The Knowledge Management Suite for SharePoint 2010 offers rule-based content classification with support for several different rule-based engines. Currently implemented and available out-of-the-box is a classification rule engine, that is based on logical expressions of terms described here. Please note: If another engine is used, other rules could be operated (see vendor documentation for this).
Clasification Rules
Classification rules are managed in the Term Store Manager extension (see above). A rule describes a term and forms a logical expression, that gives true or false when applied to a SharePoint item or document. In case of true, the item or document is classified with the tag / term, that is related to the rule. Please note, that in case a rule is defined, the term name and synonyms are not used anymore. Please use the auto-generate rule feature to create a rule from existing term names and synonyms on the fly as a starting point. The auto-generated rule is the rule, that is used in case no rule is specified (empty field). In this case the term name and the synonyms are joined by the OR operator.
Generally a rule is broken up into terms and operators and can use grouping.
Basic Terms
There are two types of terms: Single Terms and Phrases. A Single Term is a single word such as "Marketing" or "Sales". Terms are not case sensitive. A Phrase is a group of words surrounded by double quotes such as "Email Marketing". Multiple terms can be combined together with Boolean operators to form a more complex rule(see below).
Advanced Terms
Terms can be simple valid REGEX expressions without any parentheses. REGEX expressions have to be surrounded by double quotes. See here for more information about REGEX.
Boolean Operators
Boolean operators allow terms to be combined through logic operators. We support AND, OR, and NOT as Boolean operators (Note: Boolean operators must be ALL CAPS).
OR
The OR operator links two terms and finds a matching document if either of the terms exist in a document. This is equivalent to a union using sets. To tag documents that contain either "Sales" or just "Email Marketing" use the rule: "Email Marketing" OR sales.
AND
The AND operator matches documents where both terms exist anywhere in the text. This is equivalent to an intersection using sets. To tag documents that contain "Email Marketing" and "Direct Marketing" use the rule: "Email Marketing" AND "Direct Marketing"
NOT
The NOT operator excludes documents that contain the term after NOT. This is equivalent to a difference using sets. To tag documents that contain "Email Marketing" but not "Direct Marketing" use the rule: "email marketing" AND NOT "direct marketing". Please note, that the NOT operator cannot be used without other operators.
Grouping
We support using parentheses to group rules to form sub rules. This can be very useful if you want to control the boolean logic for a rule. To search for either "Email Marketing" or "Direct Marketing" "Sales" use the rule: ("Email Marketing" OR "Direct Marketing") AND "Sales". This eliminates any confusion and makes sure, that "Sales" must exist and either term "Email Marketing" or "Direct Marketing" may exist.

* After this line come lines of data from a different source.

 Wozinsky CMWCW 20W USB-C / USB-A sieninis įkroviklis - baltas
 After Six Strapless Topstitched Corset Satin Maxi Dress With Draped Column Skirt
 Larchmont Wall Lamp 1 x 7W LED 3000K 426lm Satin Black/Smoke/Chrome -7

Please note that nested parentheses are not allowed in the current version.
Samples of valid rules
("Email Marketing" OR "Direct Marketing") AND "Sales"
("Email Marketing" OR "Direct Marketing") AND Sales
("Email Marketing" OR "Direct Marketing") NOT Sales
("Email Marketing" OR "Direct Marketing") AND (NOT Sales)

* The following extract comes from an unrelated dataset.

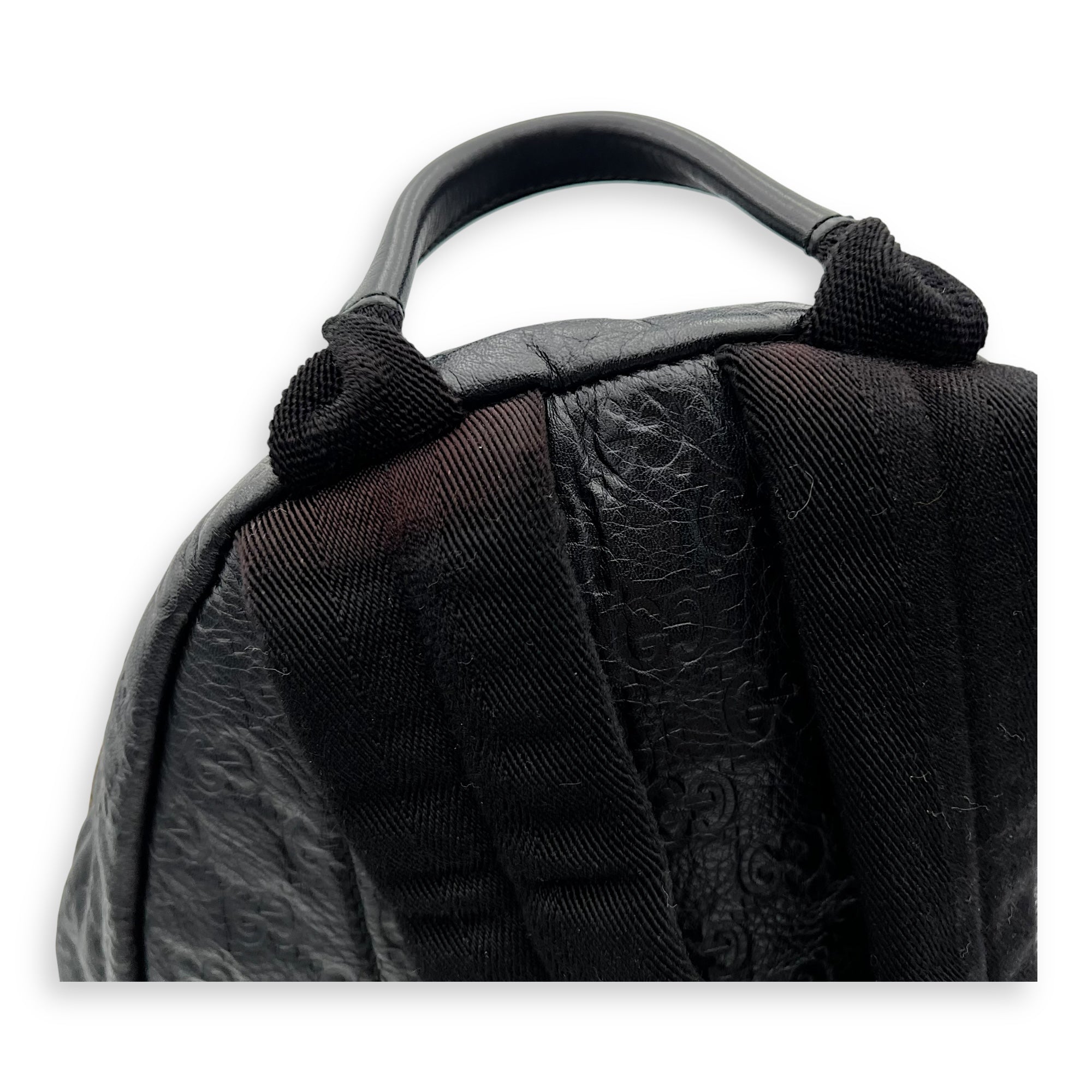 Gucci Guccissima Backpack Black in Calfskin, Gold hardware_9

("Email Marketing" OR "Direct Marketing") AND NOT Sales
(Email) AND (Marketing)
Email and Marketing
"email marketing" NOT "direct marketing"
(".+marketing" OR Direct Marketing)
Samples of invalid rules
"email marketing" NOT direct marketing
- Nested parentheses error:
("Email Marketing" OR ("Direct Marketing" AND Sales))
- Operators not all caps error:
("Email Marketing" OR ("Direct Marketing" and Sales))
- NOT is used without any other operator
NOT "Email Marketing"
- REGEX is used without double quotes
(.+marketing OR Direct Marketing)